Dans le secret, il a recruté des officiers bassistes qui mettaient en doute l'autoritarisme de Saddam Hussein. L'organisation qu'il a créée, le Mouvement de l'entente nationale, a tenté de renverser le leader en 1996, mais, infiltrée, elle a connu un échec sanglant.

Déçu d'avoir été abandonné par la CIA et le MI6, Iyad Allaoui a boudé pendant un certain temps ses anciens alliés, mais lors de l'invasion américaine commandée par George W. Bush, il était de retour dans les bonnes grâces. En 2004, il a été nommé premier ministre du gouvernement de transition.

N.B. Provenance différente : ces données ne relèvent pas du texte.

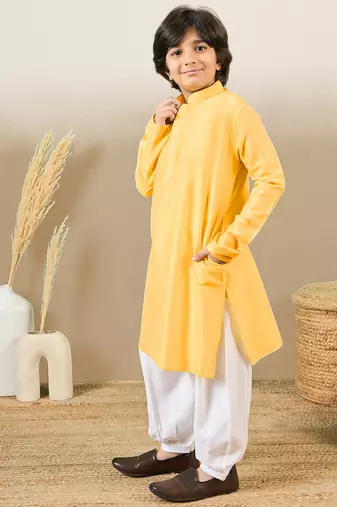 Premium cotton silk yellow kurta set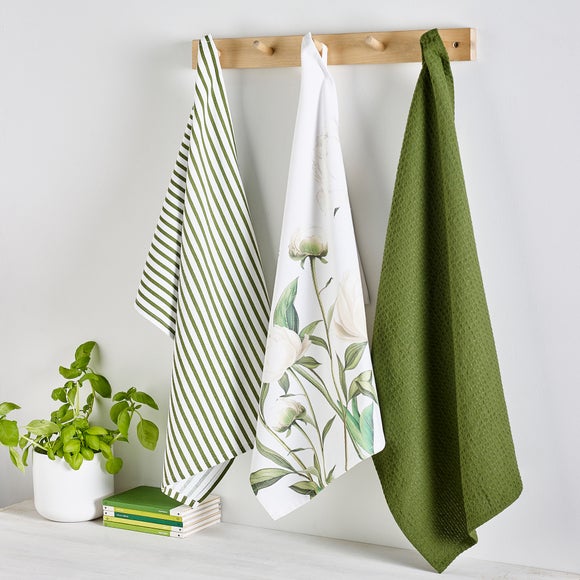 Set of 3 Peony Tea Towels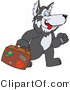 Vector Illustration of a Cartoon Husky Mascot Carrying Luggage by Mascot Junction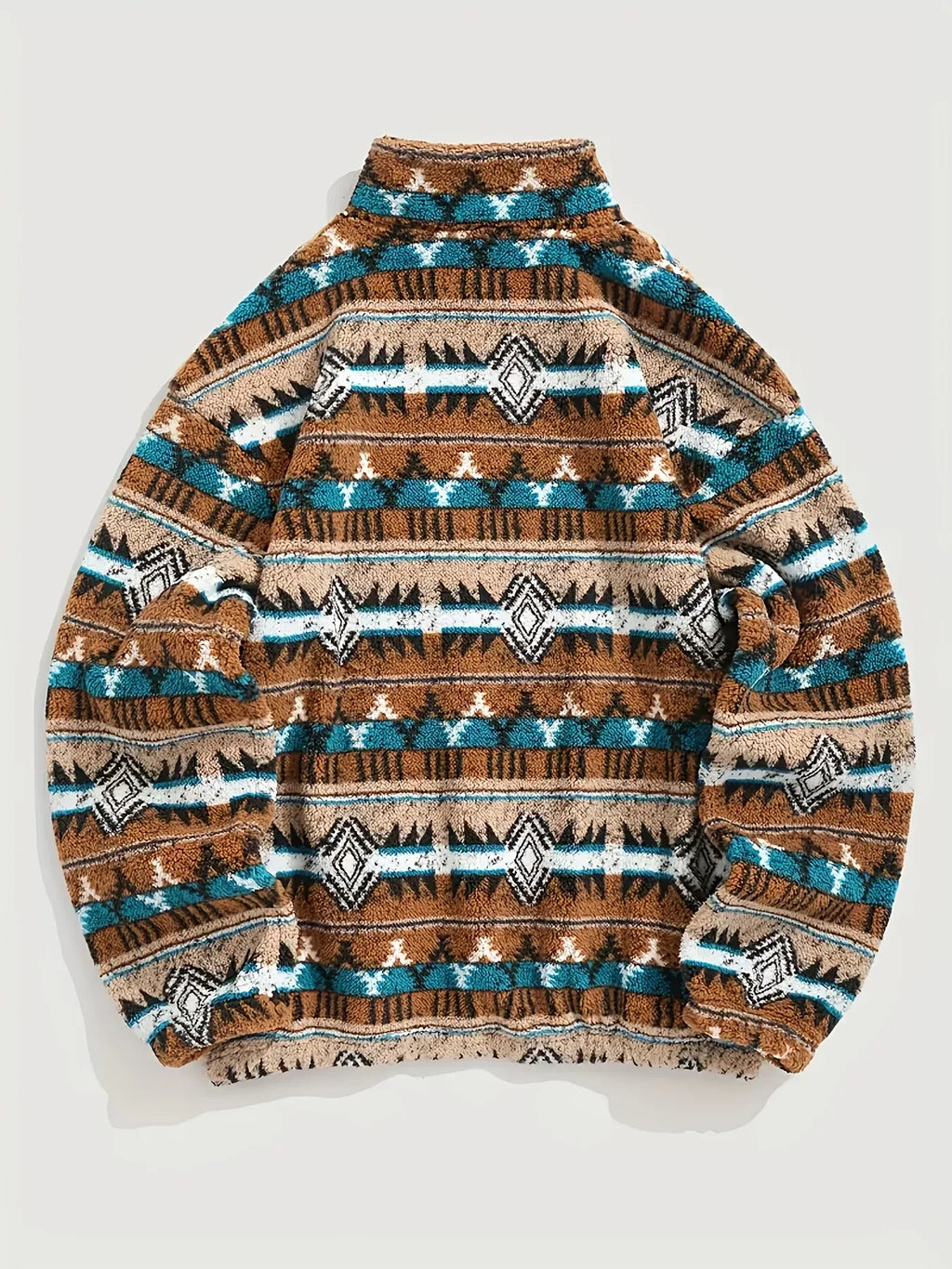 Men's Aztec Print Sherpa Fleece Quarter-Zip Pullover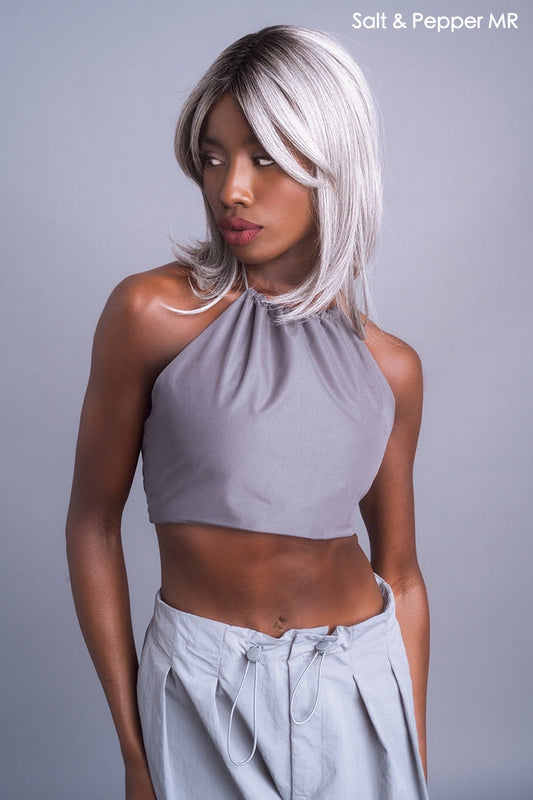 Open Box | High Heat Mid Straight Topper by Rene of Paris | Heat Friendly Synthetic Hair | Silver Brown MR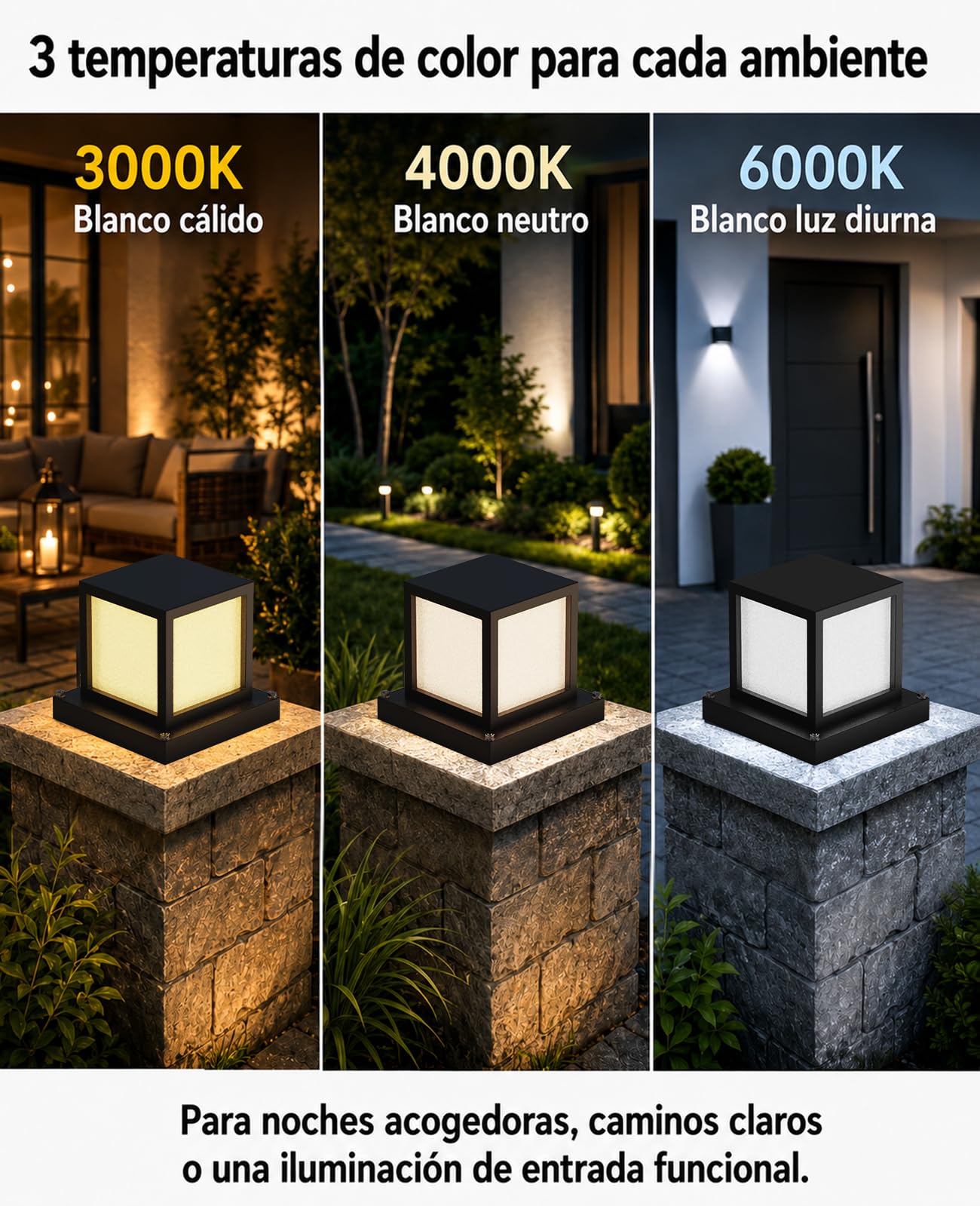 Farola Exterior Jardín E27, Lámpara de Sobremuro IP65 de Metal, 15W LED 3000K/4000K/6000K, Baliza Exterior Cuadrada para Muro, Camino, Terraza, Patio y Valla, Negro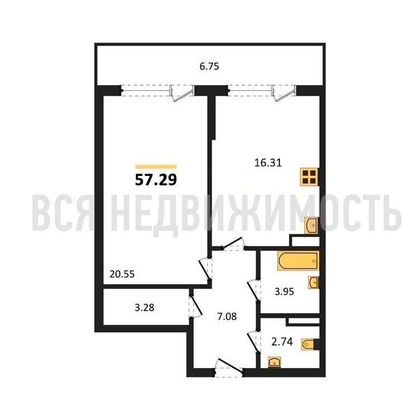 1-комнатная квартира, 57.29кв.м - изображение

Appelés aux urnes l'année suivante, les Irakiens lui ont montré la porte. Ancien bassiste pour certains, surnommé «Petit Saddam» en référence à son obsession pour la sécurité, marionnette des Américains pour d'autres, il est arrivé troisième au premier scrutin post-Saddam. Beaucoup d'experts l'ont alors cru hors jeu, mais c'était mal le connaître. «Beaucoup de gens ont été surpris par son retour, mais il faut dire qu'il avait beaucoup de cartes dans son jeu», note Julien Saada, coordonnateur de l'Observatoire du Moyen-Orient de la chaire Raoul-Dandurand de l'Université du Québec à Montréal.

Le jeu des alliances

Prônant un gouvernement laïque et réclamant l'arabité de l'Irak face à l'influence sans cesse grandissante de l'Iran, Iyad Allaoui a réussi à rallier beaucoup d'Irakiens à sa cause. «Il a notamment joué la carte du gouvernement séculier non sectaire qui a rassuré beaucoup d'Irakiens, qui en ont assez de la guerre civile», explique M. Saada.

Ainsi, même s'il appartient lui-même à la communauté chiite, il a reçu d'importants appuis dans la communauté sunnite.

Le 7 mars, la liste électorale Iraqiya qu'il dirige a raflé 91 sièges, reléguant l'actuel premier ministre Nouri al-Maliki et son Alliance de l'État de droit au deuxième rang avec 89 sièges. Les deux hommes doivent maintenant faire des alliances afin d'obtenir les 163 sièges nécessaires pour prendre le pouvoir. Et tous les coups sont permis. Les supporteurs de Nouri al-Maliki espèrent notamment que les anciennes vies d'Iyad Allaoui - tour à tour bassiste, exilé, putschiste et pro-américain - reviendront le hanter. Dans l'Irak d'aujourd'hui, elles peuvent aussi jouer en sa faveur.